Thread overview
[dmd-internals] How not to report unused identifiers
Mar 29, 2016
cy
Mar 30, 2016
Jonathan M Davis
Apr 01, 2016
cy
Mar 30, 2016
Daniel Murphy
March 29, 2016
Well, Module in dmodule.d has a list called "members" returned from parsing the code, each item a symbol that's supposedly a member of that module. But, the list also includes template specializations and package names, which are apparantly never searched for?

In dmd, I made a bool[const(char)*] searched array in the Module class, and added to that a symbol's "toChars" representation every time it was searched for in that module. Then, in the third pass (was that a mistake?) I compared every item in Module.members to see if its toChars representation was in that array. If not, it warns about an unused identifier.

So, it searched for like 5 symbols, and there were 2000 symbols give or take in the members array, resulting in a wall of text of unused identifiers, that are actually used I'm sure, but I have no idea how to determine that, if they're never looked up.
_______________________________________________
dmd-internals mailing list
dmd-internals@puremagic.com
http://lists.puremagic.com/mailman/listinfo/dmd-internals
March 29, 2016
On Tuesday, March 29, 2016 21:11:09 cy via dmd-internals wrote:
> Well, Module in dmodule.d has a list called "members" returned from parsing the code, each item a symbol that's supposedly a member of that module. But, the list also includes template specializations and package names, which are apparantly never searched for?
>
> In dmd, I made a bool[const(char)*] searched array in the Module class, and added to that a symbol's "toChars" representation every time it was searched for in that module. Then, in the third pass (was that a mistake?) I compared every item in Module.members to see if its toChars representation was in that array. If not, it warns about an unused identifier.
>
> So, it searched for like 5 symbols, and there were 2000 symbols give or take in the members array, resulting in a wall of text of unused identifiers, that are actually used I'm sure, but I have no idea how to determine that, if they're never looked up.

I don't know all that much about the compiler internals, so I don't know quite what you're looking at, but I would point out that any attempt to warn about "unused identifiers" would have to be done very carefully. Aside from the normal issues with RAII and the like where something is declared and then not used but still does something, it's _very_ common in D code to declare stuff and then not actually use it when dealing with template constraints and the traits tested in them, because it's testing for compilation, not actually running the code. And even if all of that is handled correctly, if the compiler is very aggressive about warning about unused identifers, templates and string mixins could run into trouble depending on the exact arguments used with them and how complicated some of their static if-else logic is.

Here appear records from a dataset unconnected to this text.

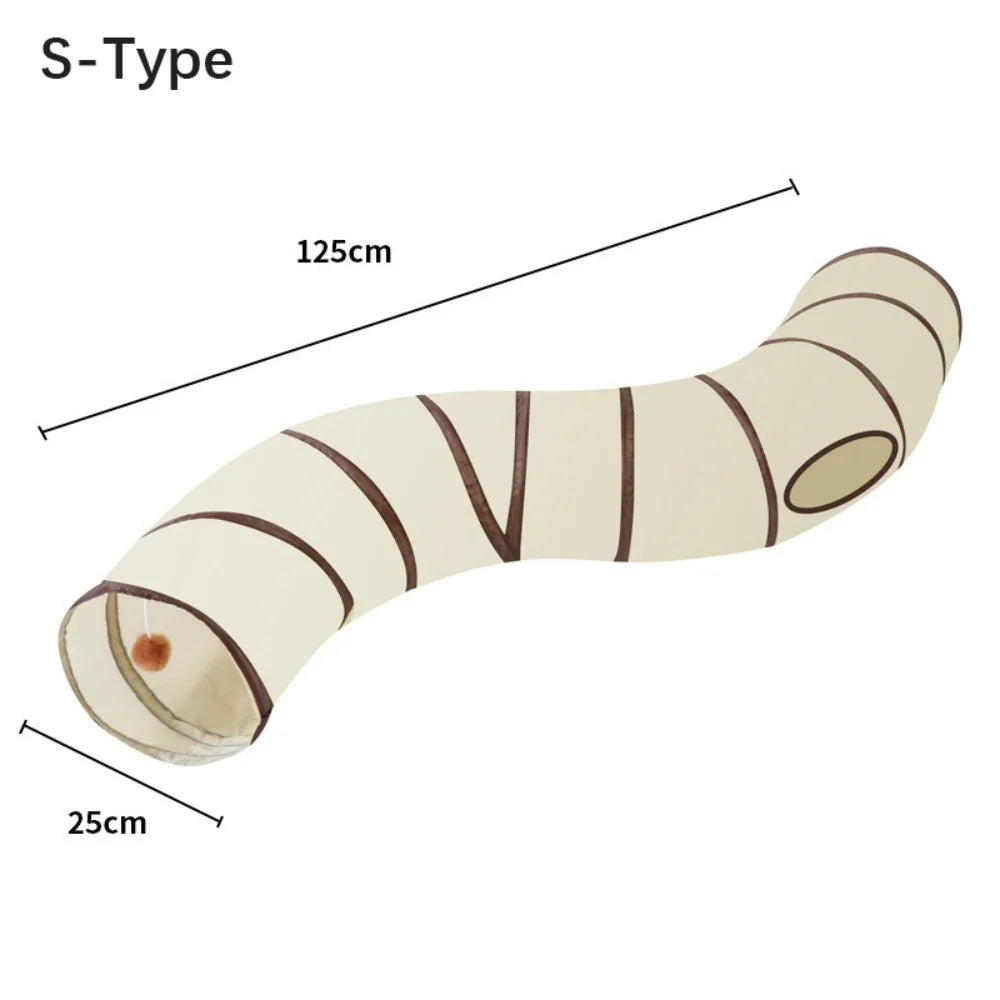 Cat Tunnel 26"–49", Collapsible in 4 Shapes with Peek Holes & Dangling Ball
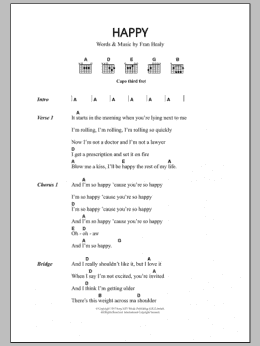 page one of Happy (Guitar Chords/Lyrics)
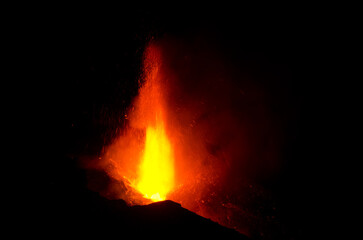 Volcanic eruption. Cumbre Vieja Natural Park. La Palma. Canary Islands. Spain.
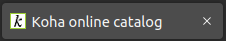 A browser tab opened to the OPAC's main page, there is the little 'K' favicon followed by the page title 'Koha online catalog'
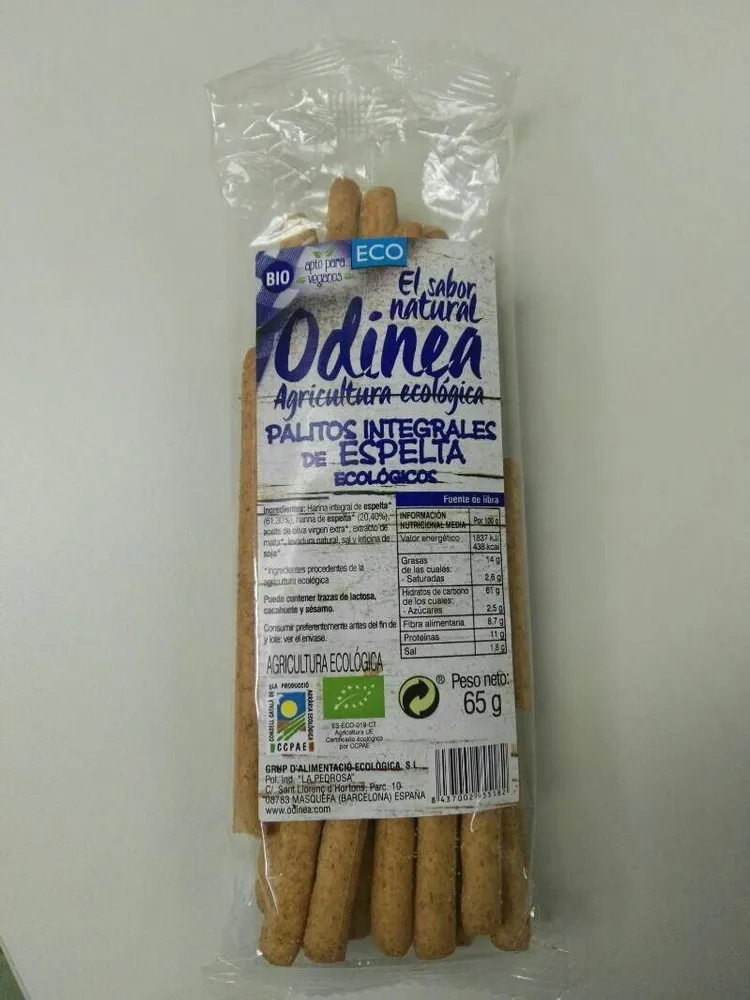 Palitos integrales de espelta ecológicos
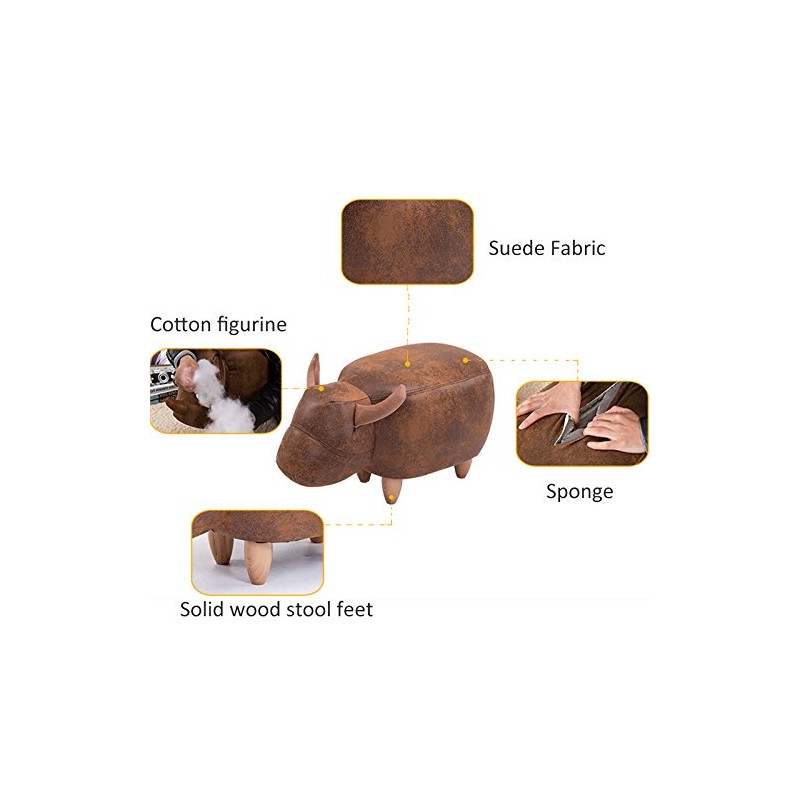 OLizee® Decorative Buffalo Storage Ottoman Footstool Cute Animal Upholstered Stool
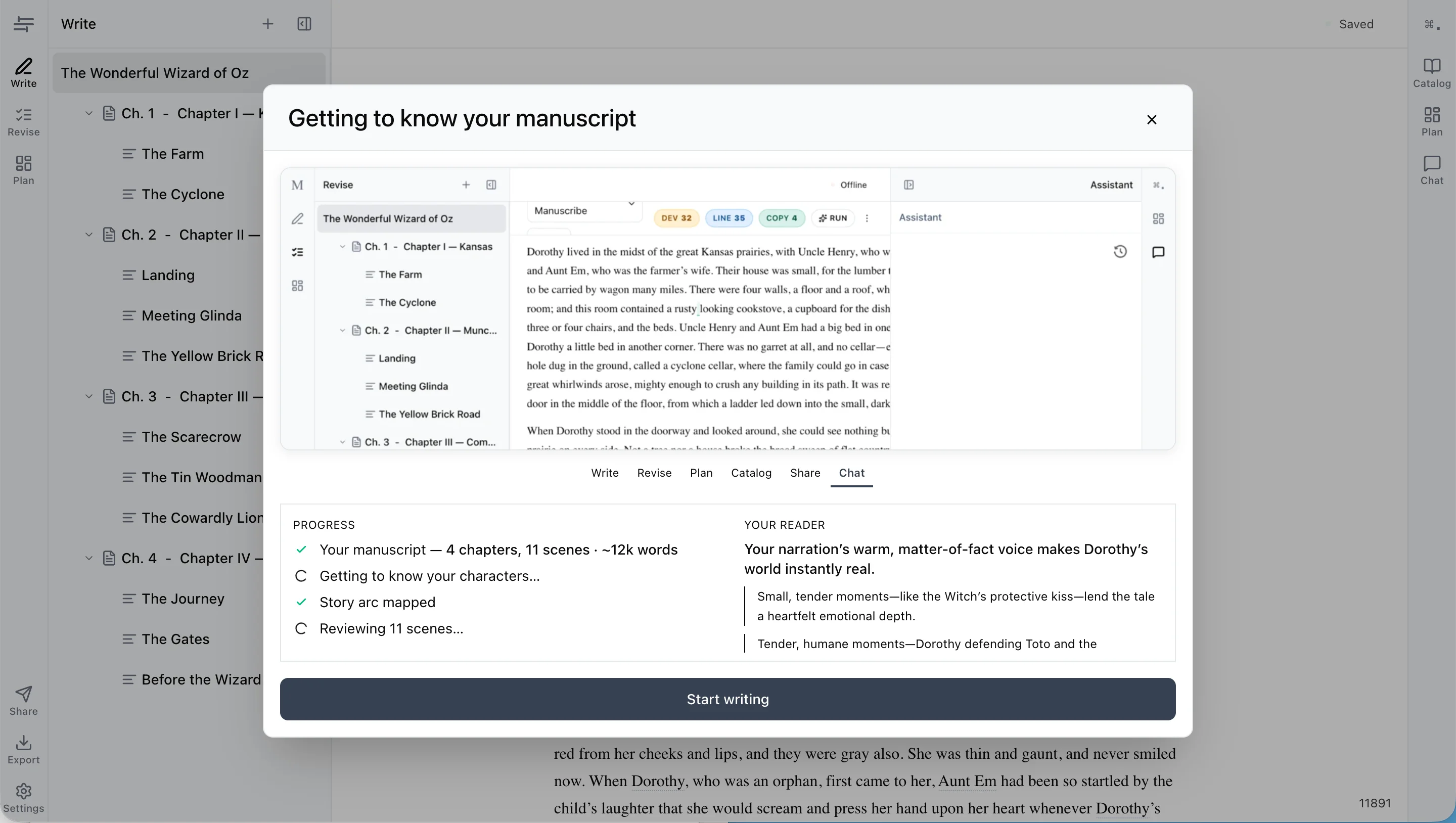 Import flow — drag-and-drop dialog or import progress panel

So, any attempt to warn about unused identifiers is going to have to be _very_ careful, or it's going to cause problems for perfectly legitimate code - especially if you consider that if -w is used, then warnings are treated as errors. And the fact that that affects conditional compilation makes it even worse. The compiler can't ever warn about any unused identifiers which should actually stay in the code, or it's going to be a big problem.

- Jonathan M Davis
_______________________________________________
dmd-internals mailing list
dmd-internals@puremagic.com
http://lists.puremagic.com/mailman/listinfo/dmd-internals
March 30, 2016
So, a few thoughts:

- bool[const(char)*] will be indexed by the pointer address by
default, not the value of the string.  bool[const(char)[]] should
work.
- toChars is not great for this.  Using the mangled name would be better
- Not every symbol that is used will have an identifier search done
for it.  Sometimes they will be cached as members of some ast class
and referenced directly.  Doing a walk of the post-semantic AST to
build the referenced list might be better.  See what the json emission
does for an example of a post-semantic walk, although that doesn't
walk expressions (which you'd need to do).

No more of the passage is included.